Reference data at Innopoli 3 car park were collected using the same laser scanner as at FGI. The data were acquired with resolution settings providing a point spacing of 3.1 mm and 6.3 mm at a 10-m distance from the scanner (angular resolution 0.018 and 0.036

^{\circ}

). Twenty three scans in total were conducted covering two floors and a ramp in a car park. The distance between scan positions varied from 10–20 m. The scans were matched together using visual alignment and the cloud-to-cloud method in the Leica Cyclone 9.0 software. The RMS error for registration was 5.7 mm. The same registration method was employed to transfer the compared point clouds into the same coordinates.

Reference data at the Startup Sauna test site were collected with the Faro Focus 3D laser scanner with a total of 28 scans, using multiple spherical scan targets. The distance between scan positions was from 3–8 m, with scans taken at different heights, due to the complex indoor space topology. The total point cloud size of 800 million points was reduced to 1:10 with Faro software.

3.2. Matterport

Matterport is motorized, tripod-mounted 3D camera that uses PrimeSense chips.

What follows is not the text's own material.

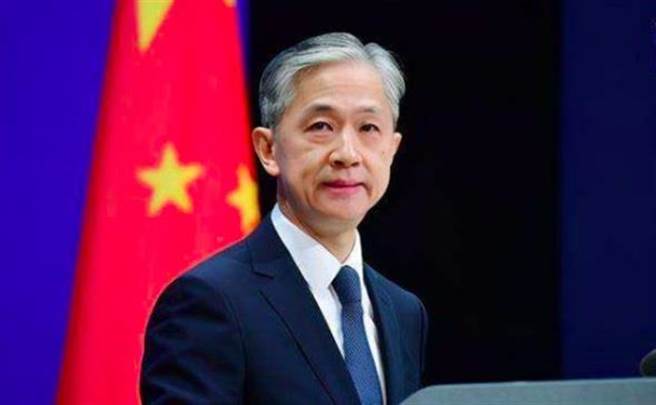 陸外交部發言人汪文斌。（大陸外交部官網）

Their accuracy has been evaluated in [37]. 2D and 3D sensors capture high-dynamic-range (HDR) images and depth image data; see Figure 3.

Figure 3. Matterport.

The camera system spins in place and transfers the data to the 3D Capture app on an iPad in 30 s. 3D Capture app is also used to visualize scanning progress and edit scans on the fly. The distance between neighboring stations is within 1–3 m, and the 3D Capture app stitches transferred scans together automatically. Captured projects can be uploaded to to Matterport’s cloud servers for more complete and detailed post-processing. The Matterport Cloud creates a 3D model that combines HDR-quality imagery with dimensional geometry. Polygonal meshes can be streamed to the Matterport 3D Showcase media player. Furthermore, users can view the 3D models through their web browsers using the Unity multimedia plug-in. It is possible to move through the interior and then zoom out to a dollhouse or floor plan view of the model. The virtual reality (VR) 3D scene can be experienced by using VR platforms like the Samsung Gear VR headset. As an alternative to the VR, 3D files (.obj) of the scanned scene are downloadable. These 3D files can be transferred to point clouds, as we have done.

3.3. NavVis

The NavVis 3D Mapping Trolley was first released in 2014 [24]. NavVis consists of six 16 Megapixel cameras and three laser scanners with a 30-m range installed on a trolley chassis; see Figure 4. The total weight of the trolley is about 40 kg. One scanner on top of the system is positioned horizontally and is used for SLAM positioning, while two tilted scanners are installed on the trolley arm for point cloud acquisition. A touch screen is used for the operation, and NavVis has real-time processing and viewing of collected point cloud data. Post-processing is carried out by automated software by NavVis. The post-processing has two main steps: point cloud processing and web processing. In the point cloud processing, the raw data are processed into the point cloud, and images from individual cameras are stitched into panoramas. Individual datasets (for example, different floors) are combined manually using NavVis software. In the web processing, the material is optimized for a walkable model in the web browser. Sticker markers that are automatically detected in the data can be used for automatic registration of the datasets and also for georeferencing if the location of these markers is available. User interaction with respect to data processing is limited to the selection of the point cloud density. The default is

0.02

m, with optional

0.005

m or

0.01

m.

Figure 4. Data acquisition using NavVis.

3.4. Zebedee

Zebedee [7] is a hand-held 3D mapping system, which consists of a lightweight laser scanner with a 15–30-m maximum range (dependent on surface reflectivity and environmental conditions) and an industrial-grade IMU mounted on a simple spring mechanism. As an operator holding the device moves through the environment, in Figure 5, the scanner loosely oscillates about the spring, thereby producing rotational motion that converts the laser’s inherent 2D scanning plane into a local 3D field of view. With the use of proprietary software, the six degree of freedom sensor trajectory can be calculated from the laser and inertial measurements in real time, and the range measurements can be projected into a common coordinate frame to generate a 3D point cloud. There is also a newer version of the device on the market.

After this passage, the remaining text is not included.